■ Input data:
- - -

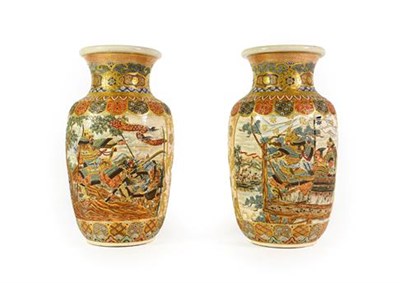 Lot 168 - A Pair of Satsuma Earthenware Vases, Meiji period, of baluster form with flared necks,...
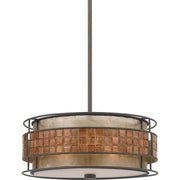 Quoizel Laguna 16in 3-Light Pendant | Naturals Renaissance Copper and Oyster Mica | Dining Room & Kitchen Island | 16 x 16 x 6.5 in | Model MC842CRC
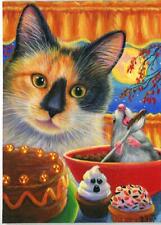 ACEO HALLOWEEN CALICO CAT KITCHEN COOK BAKE PUMPKIN CHOCOLATE CAKE MICE PAINTING picture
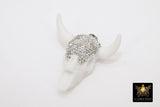 Micro Pave CZ Bone Cow Skull Pendant, Boho Cubic Zirconia Longhorn CW #24, White Ox Bone Skull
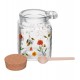 Pote 290ml Quadrado com Tampa e Colher Encanto Vidro 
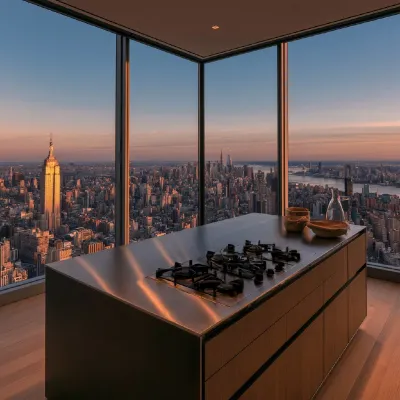 Ultra luxury Manhattan penthouse kitchen, full glass corner with wraparound floor to ceiling windows on two walls, sweep
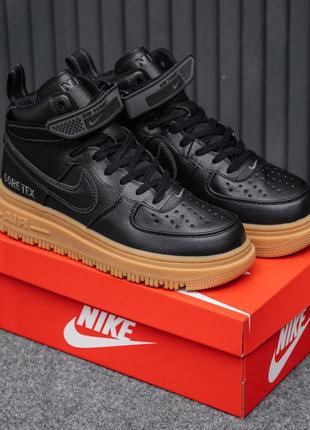 Nike air force gore-tex кроссовки мужские кожаные топ качество найк форс высокие гортекс черные осенние евро зима
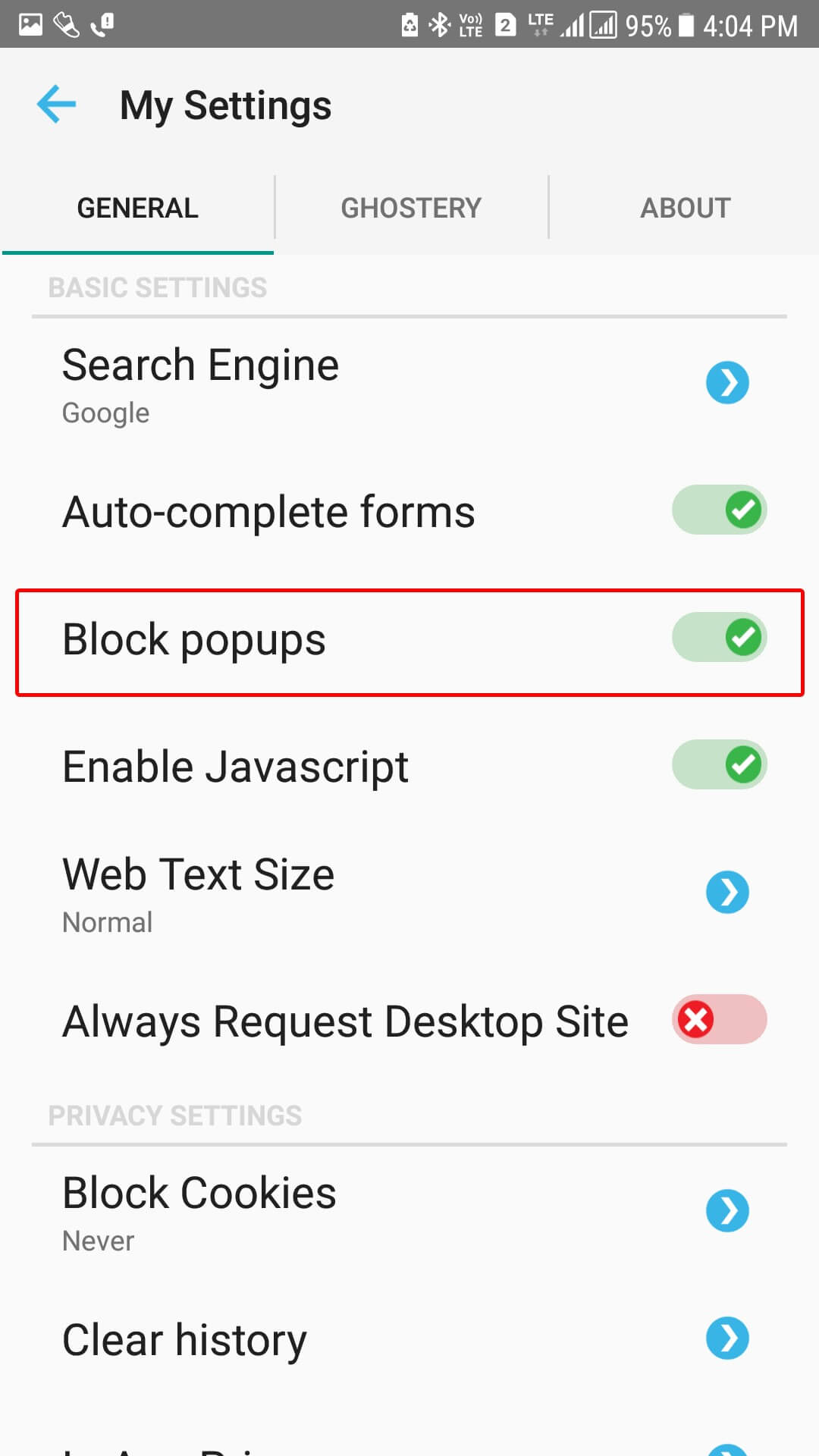 block javascript popups
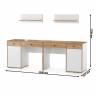Письменные столы с навесными полками для двоих детей Вуди цвет белый премиум/дуб крафт золотой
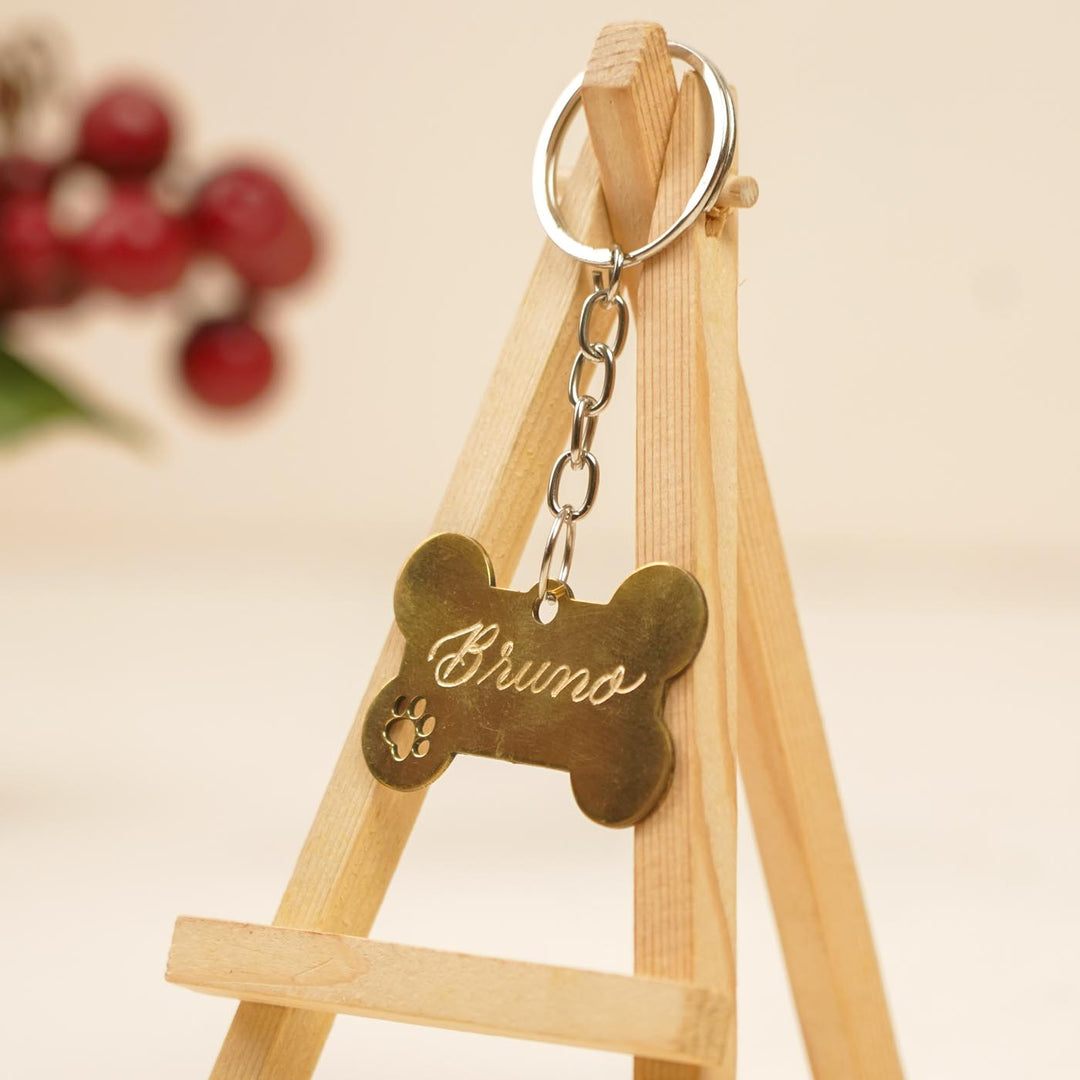 Personalized Bone Shaped Metal Dog Key Chain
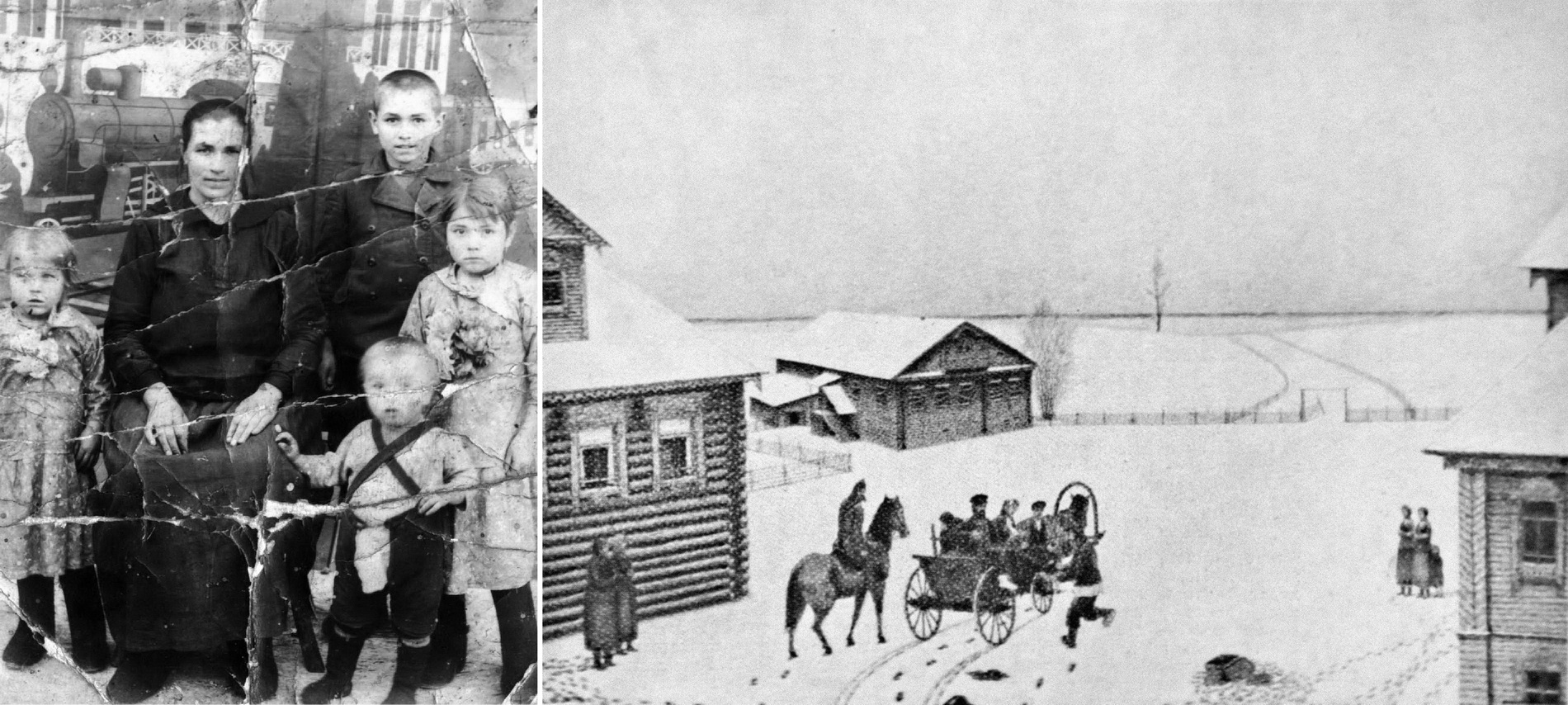 Фото слева. Урова Анна Григорьевна и её дети: Николай (1918 г. р.), Мария (1923 г. р.), Валентина (1925 г. р.) и Александр (1928 г. р.). 1930. Фото из фондов музея «Журавли» Фото справа вверху. Раскулачивание. 1989. Художник: Георгий Попов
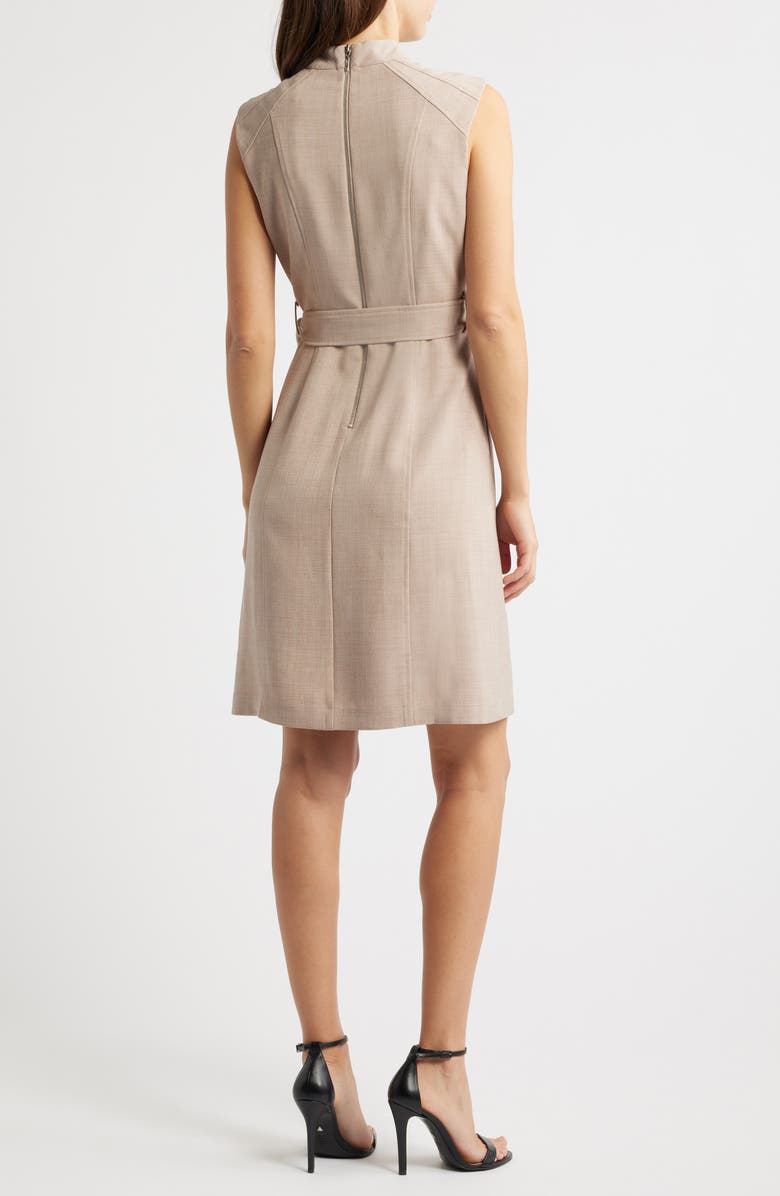 Tahari Seamed Tie Waist A-Line Dress, Alternate, color, 
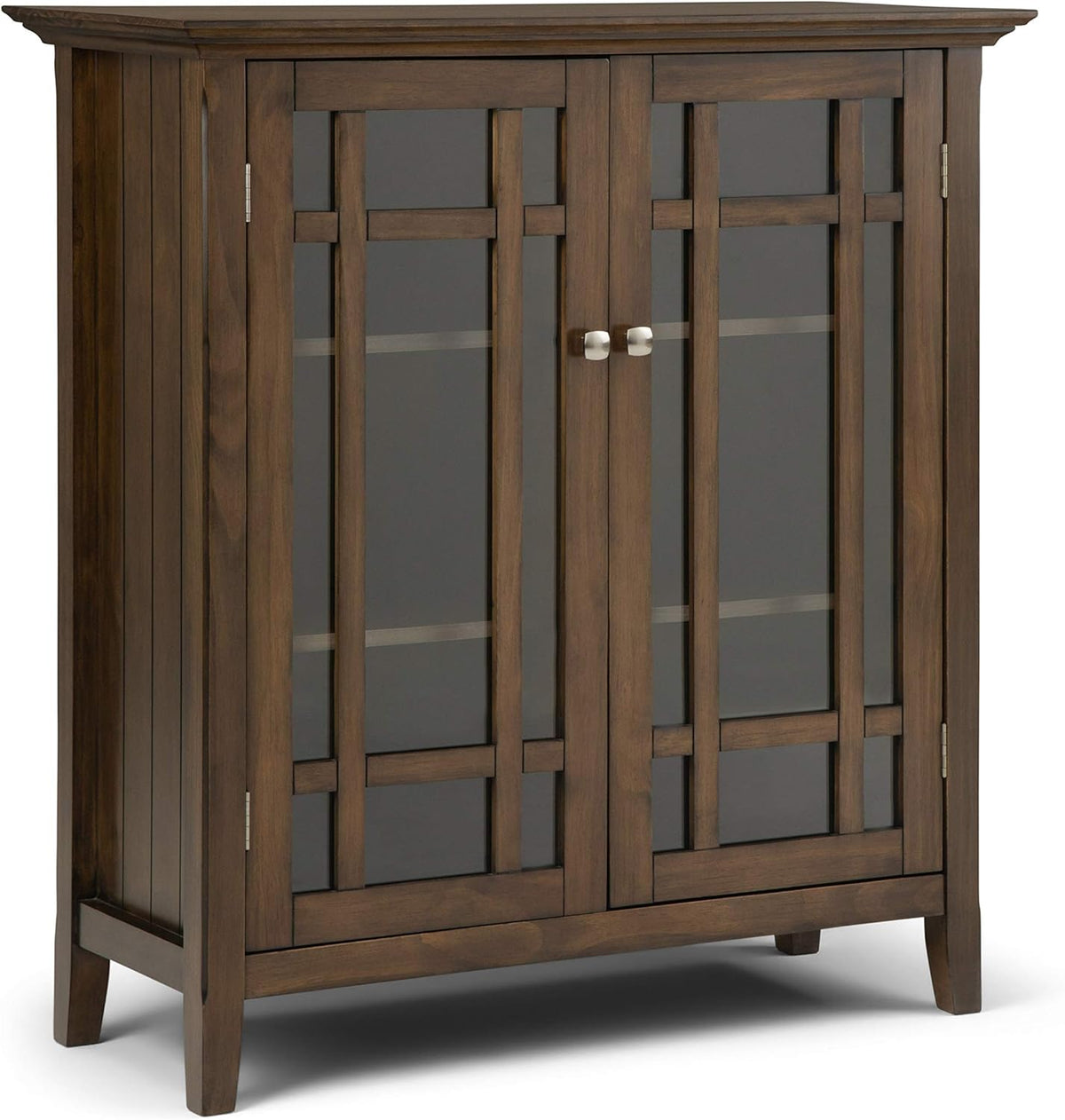 Solid Wood Storage Cabinet with 2 Tempered Glass Doors C5818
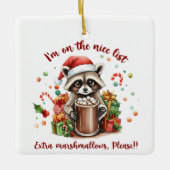 Santa’s Sweet Raccoon Treat Keramisch Ornament (Voorkant)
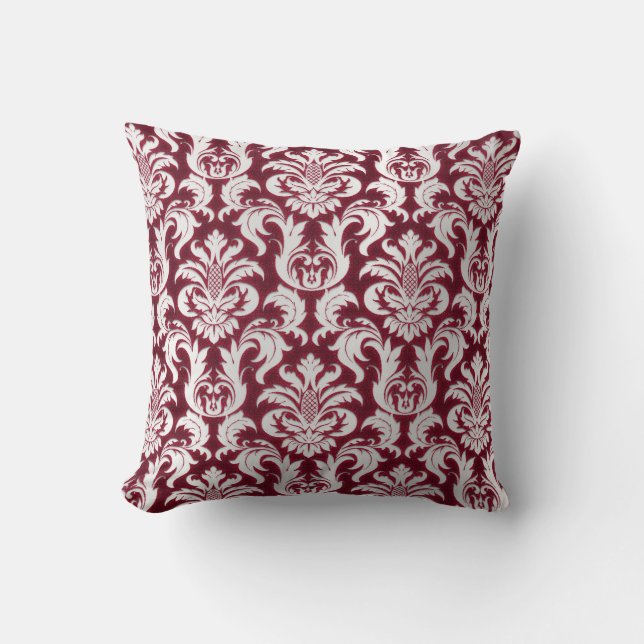 Damask Silver Grått Metallic Burgundy Velvet Kudde (Framsida)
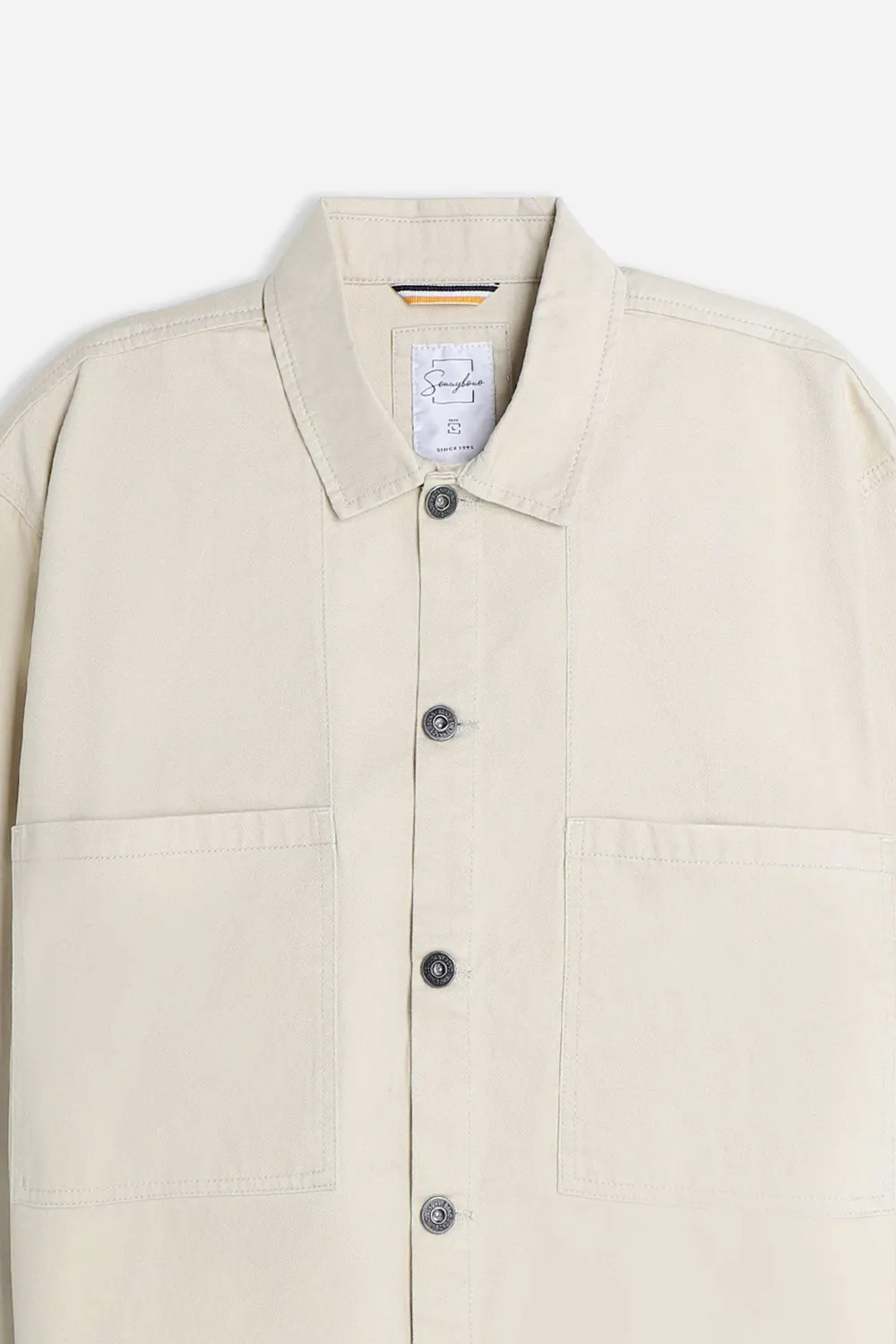 Sonny Bono Overshirt Uomo Beige Chiaro Cotone Tasche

- - -

■ The task: Write out the records word for word. Pictures stay out.

■ Exercise result:
 Lot 168 - A Pair of Satsuma Earthenware Vases, Meiji period, of baluster form with flared necks,...
 Quoizel Laguna 16in 3-Light Pendant | Naturals Renaissance Copper and Oyster Mica | Dining Room & Kitchen Island | 16 x 16 x 6.5 in | Model MC842CRC
 ACEO HALLOWEEN CALICO CAT KITCHEN COOK BAKE PUMPKIN CHOCOLATE CAKE MICE PAINTING picture
 Micro Pave CZ Bone Cow Skull Pendant, Boho Cubic Zirconia Longhorn CW #24, White Ox Bone Skull
 Pote 290ml Quadrado com Tampa e Colher Encanto Vidro 
 Ultra luxury Manhattan penthouse kitchen, full glass corner with wraparound floor to ceiling windows on two walls, sweep
 Nike air force gore-tex кроссовки мужские кожаные топ качество найк форс высокие гортекс черные осенние евро зима
 block javascript popups
Письменные столы с навесными полками для двоих детей Вуди цвет белый премиум/дуб крафт золотой
 Personalized Bone Shaped Metal Dog Key Chain
 Фото слева. Урова Анна Григорьевна и её дети: Николай (1918 г. р.), Мария (1923 г. р.), Валентина (1925 г. р.) и Александр (1928 г. р.). 1930. Фото из фондов музея «Журавли» Фото справа вверху. Раскулачивание. 1989. Художник: Георгий Попов
 Tahari Seamed Tie Waist A-Line Dress, Alternate, color, 
 Solid Wood Storage Cabinet with 2 Tempered Glass Doors C5818
 Santa’s Sweet Raccoon Treat Keramisch Ornament (Voorkant)
 Damask Silver Grått Metallic Burgundy Velvet Kudde (Framsida)
 Sonny Bono Overshirt Uomo Beige Chiaro Cotone Tasche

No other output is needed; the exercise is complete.